Dickson Paxton V, Hamner John B, Burger Rebecca A, Garcia Elizabeth, Ouma Annastasia A, Kim Seung U, Ng Catherine Y C, Gray John T, Aboody Karen S, Danks Mary K, Davidoff Andrew M
Department of Surgery, St. Jude Children's Research Hospital, Memphis, TN 38105, USA.
J Pediatr Surg. 2007 Jan;42(1):48-53. doi: 10.1016/j.jpedsurg.2006.09.050.
Interferon-beta (IFN-beta) has potent antitumor activity; however, systemic toxicity has limited its clinical use. We investigated the potential of targeted delivery using tumor-tropic neural progenitor cells (NPCs) transduced to express human IFN-beta (hIFN-beta).
Disseminated neuroblastoma was established in SCID mice by tail vein injection of tumor cells. Fourteen days after tumor cell inoculation, systemic disease was confirmed with bioluminescence imaging (BLI). Mice were then treated by intravenous injection of human F3.C1 NPCs that had been transduced with a replication deficient adenovirus to overexpress hIFN-beta (F3-IFN-beta). Two injections were given: the first at 14 days and the second at 28 days following tumor cell injection. Control mice received NPCs transduced with empty vector adenovirus at the same time points. Progression of disease was monitored using BLI. At sacrifice, organ weights and histology further evaluated tumor burden.

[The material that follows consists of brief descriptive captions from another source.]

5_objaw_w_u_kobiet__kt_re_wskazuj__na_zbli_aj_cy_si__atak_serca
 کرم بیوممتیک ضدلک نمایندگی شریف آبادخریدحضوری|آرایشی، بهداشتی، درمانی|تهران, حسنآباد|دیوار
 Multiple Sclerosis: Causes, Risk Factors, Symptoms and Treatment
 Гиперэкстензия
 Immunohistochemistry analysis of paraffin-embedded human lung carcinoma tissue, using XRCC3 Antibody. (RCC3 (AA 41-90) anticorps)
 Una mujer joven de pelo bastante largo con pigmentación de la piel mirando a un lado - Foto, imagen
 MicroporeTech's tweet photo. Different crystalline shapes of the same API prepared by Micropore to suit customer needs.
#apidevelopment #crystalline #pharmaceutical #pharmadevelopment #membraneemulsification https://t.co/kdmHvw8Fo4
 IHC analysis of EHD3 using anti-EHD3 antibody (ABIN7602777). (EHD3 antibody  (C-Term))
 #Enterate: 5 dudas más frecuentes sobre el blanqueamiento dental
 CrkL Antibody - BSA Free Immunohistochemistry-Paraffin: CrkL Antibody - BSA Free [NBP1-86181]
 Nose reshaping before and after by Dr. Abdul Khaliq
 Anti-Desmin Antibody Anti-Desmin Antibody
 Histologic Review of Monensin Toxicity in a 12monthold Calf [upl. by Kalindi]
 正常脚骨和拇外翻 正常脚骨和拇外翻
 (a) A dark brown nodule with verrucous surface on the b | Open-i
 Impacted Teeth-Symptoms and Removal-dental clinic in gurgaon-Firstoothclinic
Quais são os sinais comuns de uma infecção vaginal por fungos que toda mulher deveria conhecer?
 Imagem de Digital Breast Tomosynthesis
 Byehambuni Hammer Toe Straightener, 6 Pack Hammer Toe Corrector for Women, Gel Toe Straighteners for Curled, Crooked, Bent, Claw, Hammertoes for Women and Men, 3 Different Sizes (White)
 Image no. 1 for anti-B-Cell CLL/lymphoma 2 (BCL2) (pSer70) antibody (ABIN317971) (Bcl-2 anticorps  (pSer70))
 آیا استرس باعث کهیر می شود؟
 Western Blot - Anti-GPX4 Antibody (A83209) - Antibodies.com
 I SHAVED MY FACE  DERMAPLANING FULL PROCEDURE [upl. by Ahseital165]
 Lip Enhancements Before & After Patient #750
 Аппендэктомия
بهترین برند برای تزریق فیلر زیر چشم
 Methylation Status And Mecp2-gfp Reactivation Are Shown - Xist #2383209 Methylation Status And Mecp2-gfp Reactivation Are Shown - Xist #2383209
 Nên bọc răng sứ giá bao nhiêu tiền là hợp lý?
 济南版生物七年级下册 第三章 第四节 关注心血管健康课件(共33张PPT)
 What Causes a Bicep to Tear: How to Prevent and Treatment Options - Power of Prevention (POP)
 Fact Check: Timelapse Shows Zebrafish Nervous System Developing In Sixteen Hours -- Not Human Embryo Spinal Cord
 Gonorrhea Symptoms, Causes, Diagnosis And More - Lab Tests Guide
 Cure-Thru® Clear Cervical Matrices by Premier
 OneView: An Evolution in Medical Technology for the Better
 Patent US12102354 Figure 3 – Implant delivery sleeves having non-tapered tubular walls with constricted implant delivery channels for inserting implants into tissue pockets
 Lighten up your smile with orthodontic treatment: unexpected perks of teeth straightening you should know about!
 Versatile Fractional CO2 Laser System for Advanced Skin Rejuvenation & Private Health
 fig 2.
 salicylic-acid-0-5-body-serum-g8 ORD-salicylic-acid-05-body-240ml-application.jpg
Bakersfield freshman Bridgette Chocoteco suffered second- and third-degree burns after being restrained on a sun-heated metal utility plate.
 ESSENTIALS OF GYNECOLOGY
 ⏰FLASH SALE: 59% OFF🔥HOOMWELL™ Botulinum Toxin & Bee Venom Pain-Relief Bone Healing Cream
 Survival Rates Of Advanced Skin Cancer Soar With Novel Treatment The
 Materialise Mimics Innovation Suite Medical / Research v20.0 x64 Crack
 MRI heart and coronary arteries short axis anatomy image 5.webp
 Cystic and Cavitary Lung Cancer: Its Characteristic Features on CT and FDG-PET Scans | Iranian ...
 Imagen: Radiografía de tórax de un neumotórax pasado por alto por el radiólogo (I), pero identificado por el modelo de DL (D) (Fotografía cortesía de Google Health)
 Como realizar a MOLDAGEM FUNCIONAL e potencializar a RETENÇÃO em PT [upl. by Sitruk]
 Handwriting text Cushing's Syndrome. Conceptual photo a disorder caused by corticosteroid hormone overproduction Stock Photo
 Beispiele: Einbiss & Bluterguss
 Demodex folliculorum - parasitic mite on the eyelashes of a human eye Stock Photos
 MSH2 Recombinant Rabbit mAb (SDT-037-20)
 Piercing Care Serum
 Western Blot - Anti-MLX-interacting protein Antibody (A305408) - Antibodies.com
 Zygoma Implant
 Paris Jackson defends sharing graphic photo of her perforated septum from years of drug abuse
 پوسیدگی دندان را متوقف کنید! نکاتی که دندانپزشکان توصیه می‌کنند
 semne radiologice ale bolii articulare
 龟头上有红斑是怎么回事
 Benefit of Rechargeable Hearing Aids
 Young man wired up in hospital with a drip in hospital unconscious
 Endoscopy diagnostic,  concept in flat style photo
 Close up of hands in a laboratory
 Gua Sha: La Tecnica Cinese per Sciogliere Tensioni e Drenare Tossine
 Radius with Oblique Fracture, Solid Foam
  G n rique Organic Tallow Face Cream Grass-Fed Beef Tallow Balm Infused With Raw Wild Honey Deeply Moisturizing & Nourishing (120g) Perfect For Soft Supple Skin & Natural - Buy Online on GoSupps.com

After initiation of therapy, BLI demonstrated a significant decrease in the rate of disease progression in mice receiving F3-IFN-beta. At necropsy, control mice had bulky tumor replacing the liver and kidneys, as well as extensive retroperitoneal and mediastinal adenopathy. Impressively, these sites within mice receiving F3-IFN-beta therapy appeared grossly normal with the exception of small nodules within the kidneys of some of the F3-IFN-beta-treated mice. The accumulation of F3.C1 cells within sites of tumor growth was confirmed by fluorescence imaging. Importantly, systemic levels of hIFN-beta in the treated mice remained below detectable levels.
These data indicate that in this model of disseminated neuroblastoma, the tumor-tropic property of F3.C1 NPCs was exploited to target delivery of IFN-beta to disseminated tissue foci, resulting in significant tumor growth delay. The described novel approach for effective IFN-beta therapy may circumvent limitations associated with the systemic toxicity of IFN-beta.
β-干扰素(IFN-β)具有强大的抗肿瘤活性;然而,全身毒性限制了其临床应用。我们研究了利用转导以表达人IFN-β(hIFN-β)的肿瘤嗜性神经祖细胞(NPCs)进行靶向递送的潜力。
通过尾静脉注射肿瘤细胞在SCID小鼠中建立播散性神经母细胞瘤。肿瘤细胞接种14天后,通过生物发光成像(BLI)确认全身性疾病。然后通过静脉注射用复制缺陷型腺病毒转导以过表达hIFN-β的人F3.C1 NPCs(F3-IFN-β)对小鼠进行治疗。给予两次注射:第一次在肿瘤细胞注射后14天,第二次在28天。对照小鼠在相同时间点接受用空载体腺病毒转导的NPCs。使用BLI监测疾病进展。处死时,通过器官重量和组织学进一步评估肿瘤负荷。
开始治疗后,BLI显示接受F3-IFN-β的小鼠疾病进展速率显著降低。尸检时,对照小鼠有巨大肿瘤取代肝脏和肾脏,以及广泛的腹膜后和纵隔淋巴结病。令人印象深刻的是,接受F3-IFN-β治疗的小鼠体内这些部位除了一些接受F3-IFN-β治疗的小鼠肾脏内有小结节外,大体上看起来正常。通过荧光成像证实了F3.C1细胞在肿瘤生长部位的积累。重要的是,治疗小鼠体内hIFN-β的全身水平仍低于可检测水平。
这些数据表明,在这种播散性神经母细胞瘤模型中,利用F3.C1 NPCs的肿瘤嗜性特性将IFN-β靶向递送至播散性组织病灶,导致肿瘤生长显著延迟。所描述的有效IFN-β治疗的新方法可能规避与IFN-β全身毒性相关的局限性。